▸ What is being asked:
Write out each line of the material exactly as given, and drop the images.

▸ Dataset extract:
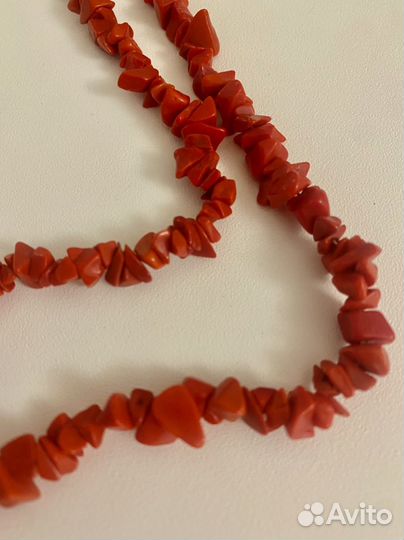 Бусы и браслет из натурального коралла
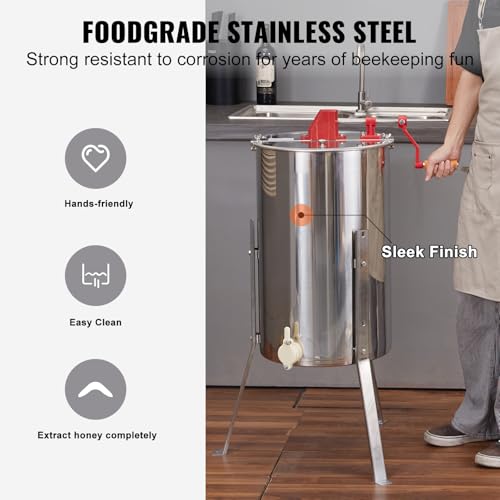 VEVOR Honey Extractor, 2/4 Frame Stainless Steel Manual Beekeeping Extraction, Honeycomb Drum Spinner with Transparent Lid, Apiary Centrifuge Equipment with Height Adjustable Stand, Silver - style: 4 Frame Rack(2 Deep Frames)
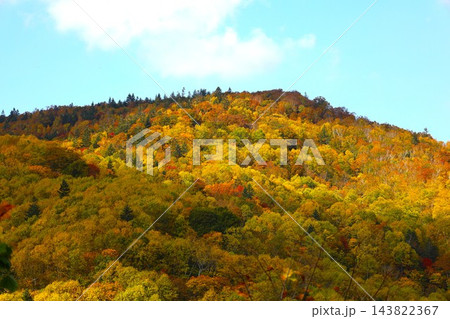 秋深まる北海道の紅葉の中、十月北海道ドライブ、メイプル街道を抜けて赤井川の国道を紅葉望む秋の空 143822367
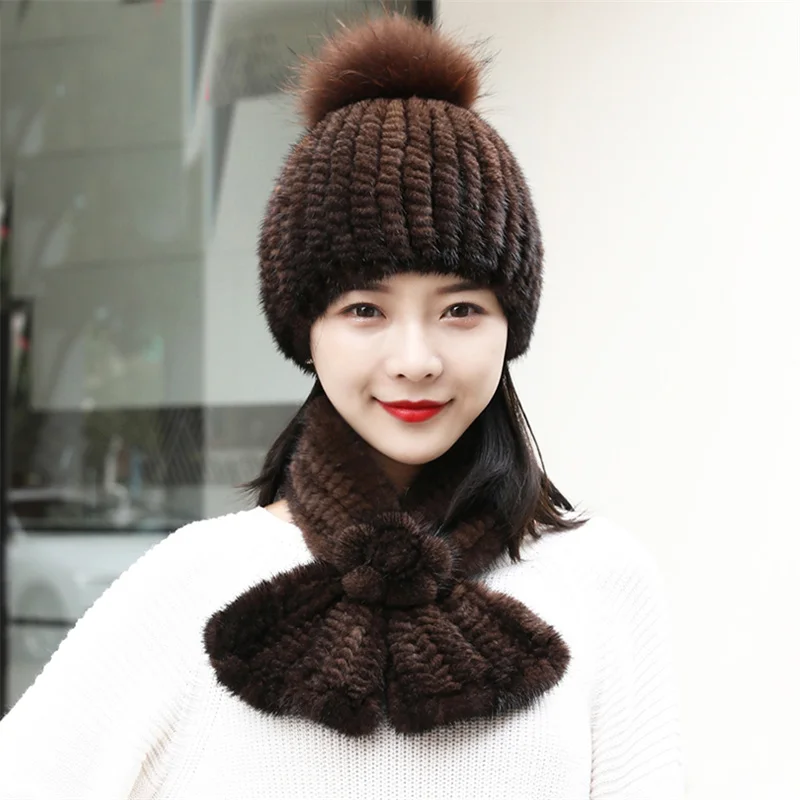 Brand Winter Knit Scarf Hat Real Mink Fur Warm Women's Hat Solid Outdoor Snow Riding Ski Hat Girl's Scarf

▸ Task result:
 Бусы и браслет из натурального коралла
 VEVOR Honey Extractor, 2/4 Frame Stainless Steel Manual Beekeeping Extraction, Honeycomb Drum Spinner with Transparent Lid, Apiary Centrifuge Equipment with Height Adjustable Stand, Silver - style: 4 Frame Rack(2 Deep Frames)
 秋深まる北海道の紅葉の中、十月北海道ドライブ、メイプル街道を抜けて赤井川の国道を紅葉望む秋の空 143822367
 Brand Winter Knit Scarf Hat Real Mink Fur Warm Women's Hat Solid Outdoor Snow Riding Ski Hat Girl's Scarf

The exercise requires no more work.